MASON CITY, Iowa --- The cause of a Mercy Air Med helicopter crash late Wednesday has not yet been determined, officials of Mercy Medical Center-North Iowa and Med-Trans Corp. said Thursday at a news conference.

The accident, which occurred at about 9 p.m. Wednesday north of Ventura, resulted in the deaths of all three on board, including flight nurse Shelly Lair-Langenbau, 44, Hanlontown; paramedic Russell Piehl, 48, Forest City, and pilot Gene Grell, 53, an employee of Med-Trans since September 2012. A hometown for Grell was not yet available.

Piehl is a former Waterloo resident. Here is a death notice on him provided to the Courier:

  • WATERLOO, Iowa --- Russell Piehl, 48, of Forest City, formerly of Waterloo, died Wednesday, Jan. 2, from injuries sustained in a Mercy Hospital helicopter crash west of Mason City; Petersen Lund Funeral Home, Forest City, (641) 585-2685.

Russell was employed with Covenant Medical Center from June 2004 until September 2005.

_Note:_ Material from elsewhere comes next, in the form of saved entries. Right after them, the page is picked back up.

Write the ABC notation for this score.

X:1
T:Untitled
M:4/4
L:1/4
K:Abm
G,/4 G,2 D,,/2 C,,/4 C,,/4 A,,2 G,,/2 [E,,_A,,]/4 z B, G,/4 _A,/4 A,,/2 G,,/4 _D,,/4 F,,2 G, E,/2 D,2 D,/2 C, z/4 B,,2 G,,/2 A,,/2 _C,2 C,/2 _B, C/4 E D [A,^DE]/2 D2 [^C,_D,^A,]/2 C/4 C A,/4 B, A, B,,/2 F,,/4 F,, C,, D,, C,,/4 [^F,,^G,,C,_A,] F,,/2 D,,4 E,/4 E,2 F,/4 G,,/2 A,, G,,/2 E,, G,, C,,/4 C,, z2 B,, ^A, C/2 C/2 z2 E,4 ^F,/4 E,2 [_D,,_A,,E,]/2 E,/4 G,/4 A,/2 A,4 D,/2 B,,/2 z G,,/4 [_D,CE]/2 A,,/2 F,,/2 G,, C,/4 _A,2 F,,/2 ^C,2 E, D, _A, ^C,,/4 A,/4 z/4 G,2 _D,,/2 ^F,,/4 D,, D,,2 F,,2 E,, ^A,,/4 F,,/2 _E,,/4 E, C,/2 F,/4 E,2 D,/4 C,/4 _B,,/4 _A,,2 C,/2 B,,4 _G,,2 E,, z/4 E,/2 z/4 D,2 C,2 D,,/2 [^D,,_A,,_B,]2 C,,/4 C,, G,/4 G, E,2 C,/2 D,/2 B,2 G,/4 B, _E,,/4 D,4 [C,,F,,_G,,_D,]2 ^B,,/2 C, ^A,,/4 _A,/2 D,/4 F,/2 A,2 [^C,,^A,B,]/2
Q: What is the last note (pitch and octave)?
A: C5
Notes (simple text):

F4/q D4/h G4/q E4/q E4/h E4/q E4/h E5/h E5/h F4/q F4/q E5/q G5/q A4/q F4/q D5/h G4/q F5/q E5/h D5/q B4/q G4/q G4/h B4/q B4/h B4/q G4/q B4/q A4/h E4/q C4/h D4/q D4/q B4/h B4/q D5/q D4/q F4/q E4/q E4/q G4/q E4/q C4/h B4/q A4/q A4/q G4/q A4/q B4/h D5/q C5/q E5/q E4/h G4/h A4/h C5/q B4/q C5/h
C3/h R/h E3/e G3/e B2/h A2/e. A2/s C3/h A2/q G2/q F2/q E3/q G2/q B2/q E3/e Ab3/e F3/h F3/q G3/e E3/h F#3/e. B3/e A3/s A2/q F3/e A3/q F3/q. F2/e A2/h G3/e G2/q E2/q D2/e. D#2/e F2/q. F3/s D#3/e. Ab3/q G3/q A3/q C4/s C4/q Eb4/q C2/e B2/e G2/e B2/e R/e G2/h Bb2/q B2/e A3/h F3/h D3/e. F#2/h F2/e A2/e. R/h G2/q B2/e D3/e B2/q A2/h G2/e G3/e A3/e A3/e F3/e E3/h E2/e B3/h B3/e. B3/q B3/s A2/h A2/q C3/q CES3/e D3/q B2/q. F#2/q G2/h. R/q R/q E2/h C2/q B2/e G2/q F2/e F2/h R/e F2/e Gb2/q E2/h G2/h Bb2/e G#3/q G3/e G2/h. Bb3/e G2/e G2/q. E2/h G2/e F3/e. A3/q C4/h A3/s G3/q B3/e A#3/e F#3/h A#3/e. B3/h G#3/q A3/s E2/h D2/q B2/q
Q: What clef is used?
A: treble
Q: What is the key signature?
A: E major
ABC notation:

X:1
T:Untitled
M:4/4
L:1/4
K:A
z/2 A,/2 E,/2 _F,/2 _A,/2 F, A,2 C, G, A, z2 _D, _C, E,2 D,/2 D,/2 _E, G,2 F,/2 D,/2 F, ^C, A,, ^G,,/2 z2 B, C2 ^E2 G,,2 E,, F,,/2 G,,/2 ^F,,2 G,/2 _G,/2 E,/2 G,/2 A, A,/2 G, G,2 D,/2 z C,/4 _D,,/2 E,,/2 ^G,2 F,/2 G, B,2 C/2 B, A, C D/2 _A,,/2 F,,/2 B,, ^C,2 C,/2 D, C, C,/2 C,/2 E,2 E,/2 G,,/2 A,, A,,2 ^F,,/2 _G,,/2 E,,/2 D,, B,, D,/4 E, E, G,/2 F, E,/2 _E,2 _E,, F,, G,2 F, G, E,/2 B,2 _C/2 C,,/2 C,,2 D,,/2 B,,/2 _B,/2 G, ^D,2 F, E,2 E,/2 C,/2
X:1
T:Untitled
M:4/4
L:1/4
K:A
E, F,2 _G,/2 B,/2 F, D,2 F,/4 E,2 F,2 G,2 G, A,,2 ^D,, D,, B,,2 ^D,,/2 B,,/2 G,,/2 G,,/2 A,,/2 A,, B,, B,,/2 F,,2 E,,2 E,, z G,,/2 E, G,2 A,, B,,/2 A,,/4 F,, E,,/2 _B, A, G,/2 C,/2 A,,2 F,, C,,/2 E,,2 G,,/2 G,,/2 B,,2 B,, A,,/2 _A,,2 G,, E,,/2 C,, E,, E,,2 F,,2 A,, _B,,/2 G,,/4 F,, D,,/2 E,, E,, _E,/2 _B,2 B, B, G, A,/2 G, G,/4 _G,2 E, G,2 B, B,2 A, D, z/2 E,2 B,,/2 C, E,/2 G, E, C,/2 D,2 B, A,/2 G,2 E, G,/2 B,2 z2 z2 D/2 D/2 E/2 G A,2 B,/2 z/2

No patient was on board. The helicopter was en route to Emmetsburg to pick up a patient.

“Obviously this is a very tragic time for Mercy-North Iowa, the North Iowa community and the Iowa health care community,” Mercy President/CEO Dan Varnum said.

“Our thoughts now go out to our fallen associates and their colleagues. They were selfless health care workers who gave their lives for the health care of others.”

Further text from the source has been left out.